1947年労働基準法では、男女同一賃金など女性の地位向上が推進されました。しかし、日本企業に特徴的な「終身雇用」「年功序列賃金」「企業別組合」の拡大などの要因で、男性の雇用は安定し収入が増える一方で、「職場は男性中心、家庭は女性中心」という構造ができ、女性の専業主婦化が進みました。

その結果、女性の社会進出の機会は減り、女性が家事・育児・介護を担うというイメージが定着しました。その後、国連の女子差別撤廃の動きから、男女雇用機会均等法が成立し、1986年には労働者派遣法が施行されました。最初は限られた職種のみに派遣が適用されましたが、「新時代の日本的経営」が公表された後、非正規雇用が増加し、専業主婦は兼業主婦へと変化しました。

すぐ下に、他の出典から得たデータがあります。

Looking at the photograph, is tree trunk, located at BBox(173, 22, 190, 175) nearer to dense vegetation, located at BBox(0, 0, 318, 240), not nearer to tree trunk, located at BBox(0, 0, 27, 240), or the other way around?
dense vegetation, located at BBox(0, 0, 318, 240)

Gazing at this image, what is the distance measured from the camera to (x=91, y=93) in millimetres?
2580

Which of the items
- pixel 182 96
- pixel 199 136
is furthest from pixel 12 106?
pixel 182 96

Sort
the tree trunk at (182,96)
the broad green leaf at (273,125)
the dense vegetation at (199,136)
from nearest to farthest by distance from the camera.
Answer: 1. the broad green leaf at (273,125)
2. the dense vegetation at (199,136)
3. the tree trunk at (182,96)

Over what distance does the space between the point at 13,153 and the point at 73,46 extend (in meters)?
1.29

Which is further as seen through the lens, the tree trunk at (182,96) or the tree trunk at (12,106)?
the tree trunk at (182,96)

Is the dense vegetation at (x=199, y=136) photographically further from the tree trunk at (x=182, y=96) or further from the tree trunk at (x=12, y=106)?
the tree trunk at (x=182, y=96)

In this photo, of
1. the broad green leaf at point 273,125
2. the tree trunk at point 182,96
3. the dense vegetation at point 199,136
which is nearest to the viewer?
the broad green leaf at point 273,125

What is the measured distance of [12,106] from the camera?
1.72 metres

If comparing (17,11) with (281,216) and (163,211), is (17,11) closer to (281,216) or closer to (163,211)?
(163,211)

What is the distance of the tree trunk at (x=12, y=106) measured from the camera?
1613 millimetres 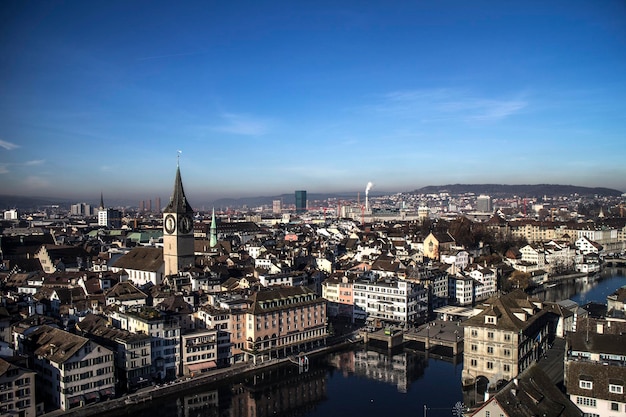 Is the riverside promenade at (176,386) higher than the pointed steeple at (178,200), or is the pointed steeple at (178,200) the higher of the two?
the pointed steeple at (178,200)

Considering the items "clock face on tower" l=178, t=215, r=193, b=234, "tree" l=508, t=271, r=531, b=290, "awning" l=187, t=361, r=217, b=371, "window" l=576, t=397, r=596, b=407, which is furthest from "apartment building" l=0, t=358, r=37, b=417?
"tree" l=508, t=271, r=531, b=290

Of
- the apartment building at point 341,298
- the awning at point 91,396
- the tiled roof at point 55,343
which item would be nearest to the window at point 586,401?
the awning at point 91,396

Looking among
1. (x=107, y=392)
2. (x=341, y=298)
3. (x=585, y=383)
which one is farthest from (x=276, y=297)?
(x=585, y=383)

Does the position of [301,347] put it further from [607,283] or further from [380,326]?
[607,283]

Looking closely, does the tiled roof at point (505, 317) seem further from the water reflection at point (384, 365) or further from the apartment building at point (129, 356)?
the apartment building at point (129, 356)

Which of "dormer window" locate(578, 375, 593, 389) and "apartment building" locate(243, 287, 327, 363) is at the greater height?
"dormer window" locate(578, 375, 593, 389)

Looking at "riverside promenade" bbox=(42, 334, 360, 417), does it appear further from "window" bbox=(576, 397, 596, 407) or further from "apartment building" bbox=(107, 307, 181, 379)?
"window" bbox=(576, 397, 596, 407) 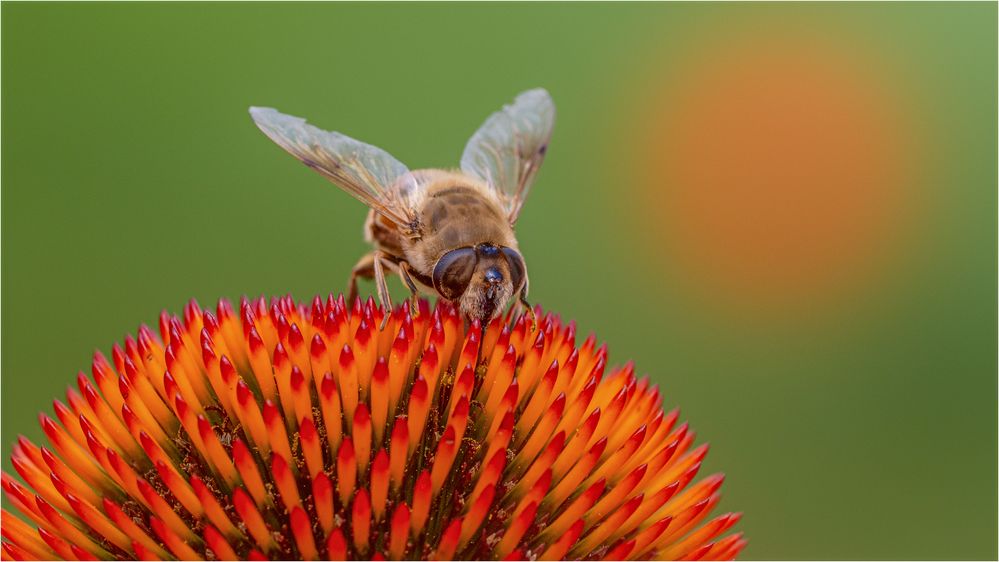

バブル景気の崩壊後は経済成長が鈍化し、企業が短期的経営判断をする傾向は非正規雇用労働者の増加の要因となりました。これがきっかけで、「勤続年数の延長」「出産後の就業希望」など女性労働者が急増し、女性労働者の就業意識は変化していきました。


非正規雇用の問題点

近年、日本の労働人口は男性の減少傾向に対し、女性では漸増しています。また、非正規雇用の割合は37.4%で増加傾向にあり、その中でも男性21.7%、女性56.6%と女性の割合は高くなっています。

非正規雇用の問題点として以下のことが挙げられます。

・賃金の低さ
・身分の不安定さ
・不本意な労働(希望する職種や条件ではない)

これらは健康にも影響します。非正規雇用の大部分を占めるパートタイム労働者の賃金はフルタイム労働者の57%程度で、この賃金の低さは貧困と関係します。特にシングルマザーの貧困リスクは高く、それによる社会保険制度からの脱落は健康保険が適応されないなど、健康にかかわる問題であるといえます。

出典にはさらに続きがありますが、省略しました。